Изменить стиль страницы

На сей раз гитлеровские воздушные разведчики, видимо, выследили место посадки эскадрилий американских самолетов и ударили по авиабазе с воздуха. Всю ночь гудели моторы «юнкерсов» и «хейнкелей», по небу шарили прожекторы, вспыхивали разрывы зенитных снарядов, а на стоянках «летающих крепостей» полыхали пожары. Одной из вражеских бомб в ту ночь убило трех наших товарищей — корреспондентов «Правды» Петра Лидова и Сергея Струнникова, известинца Александра Кузнецова. С воинскими почестями мы похоронили их в тенистом парке возле обелиска, установленного в честь блистательной победы русских войск над иноземными захватчиками, одержанной в давние времена. У могилы, в которую под залпы винтовочного салюта опустили тела погибших, было произнесено немало добрых слов. Выступавший на траурном митинге Виктор Полторацкий, в частности, сказал:

— Они смертью своей утверждали жизнь!

Первый день четвертого года войны начался громом орудий на полях Белоруссии, где войска 1-го Прибалтийского, 1, 2 и 3-го Белорусских фронтов, следуя разработанному Ставкой Верховного Главнокомандования плану широкой и глубокой операции «Багратион», перешли в наступление. Через шесть суток Илья Эренбург, с которым мне посчастливилось находиться в войсках, осуществлявших эту грандиозную операцию, писал в нашей газете: «Иностранные обозреватели гадают, какова цель наступления: Рига, Минск или Брест? Советские офицеры и солдаты знают: они начали наступать на Берлин!» Да, по сути дела, эта многофронтовая операция по освобождению Белоруссии выводила наши войска к границам с фашистской Германией на главнейшем стратегическом направлении — берлинском.
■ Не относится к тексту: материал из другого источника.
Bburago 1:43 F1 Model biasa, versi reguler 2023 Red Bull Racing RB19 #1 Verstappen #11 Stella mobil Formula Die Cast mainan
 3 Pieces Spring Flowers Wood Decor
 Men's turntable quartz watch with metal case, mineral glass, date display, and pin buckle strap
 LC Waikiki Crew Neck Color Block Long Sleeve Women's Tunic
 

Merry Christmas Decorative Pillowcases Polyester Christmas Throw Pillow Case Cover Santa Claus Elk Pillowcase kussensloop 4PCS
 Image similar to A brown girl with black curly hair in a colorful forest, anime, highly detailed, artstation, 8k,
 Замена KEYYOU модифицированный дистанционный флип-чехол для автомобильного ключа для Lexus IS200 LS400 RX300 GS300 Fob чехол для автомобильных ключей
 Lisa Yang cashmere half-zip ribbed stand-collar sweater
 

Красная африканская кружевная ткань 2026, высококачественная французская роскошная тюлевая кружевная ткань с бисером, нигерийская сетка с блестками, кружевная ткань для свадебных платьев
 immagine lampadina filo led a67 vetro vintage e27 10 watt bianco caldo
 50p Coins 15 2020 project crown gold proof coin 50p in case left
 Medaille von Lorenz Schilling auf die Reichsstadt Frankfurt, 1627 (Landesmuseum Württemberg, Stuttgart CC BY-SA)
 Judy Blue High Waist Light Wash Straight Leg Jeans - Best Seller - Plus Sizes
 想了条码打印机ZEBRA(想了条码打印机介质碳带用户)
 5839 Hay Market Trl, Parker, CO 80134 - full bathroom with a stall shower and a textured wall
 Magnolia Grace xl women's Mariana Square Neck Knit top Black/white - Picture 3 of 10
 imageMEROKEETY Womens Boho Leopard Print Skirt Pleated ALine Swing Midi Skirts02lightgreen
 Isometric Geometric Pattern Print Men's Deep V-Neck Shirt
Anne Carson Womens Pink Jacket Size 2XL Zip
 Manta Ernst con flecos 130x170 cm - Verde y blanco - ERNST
Мы с Ильей Григорьевичем Эренбургом выехали из Москвы на «виллисе», когда войска четырех наших фронтов взломали оборону противника в широченнейшей, тысячекилометровой, полосе — от озера Нещедро на севере и до истоков Припяти на юге. Бои шли под Полоцком и Витебском, возле Орши и Могилева, на бобруйском и пинском направлениях, к западу от Ковеля. Наверное, при взгляде со стороны наш журналистский экипаж, мчащийся по Минской автомагистрали, являл довольно странную картину. Рядом с солдатом-шофером — Илья Эренбург в сером штатском костюме и берете, из-под которого выбивались седоватые волосы. На заднем сиденье расположился автор этих строк в гимнастерке с полевыми полковничьими погонами и в авиационной фуражке. Все наше вооружение — два ствола: карабин водителя да «ТТ» в моей кобуре. Не очень-то густо, если учесть, что в ходе белорусского сражения за нашими передовыми частями, стремительно двигавшимися на запад, повсюду еще бродили крупные вражеские группировки, пытавшиеся вырваться из окружения. Но, как говорится, бог миловал. А потом мы обзавелись еще одной огнестрельной единицей: бойцы Тацинского танкового корпуса подарили Илье Григорьевичу — почетному члену головного танкового экипажа — трофейный пистолет.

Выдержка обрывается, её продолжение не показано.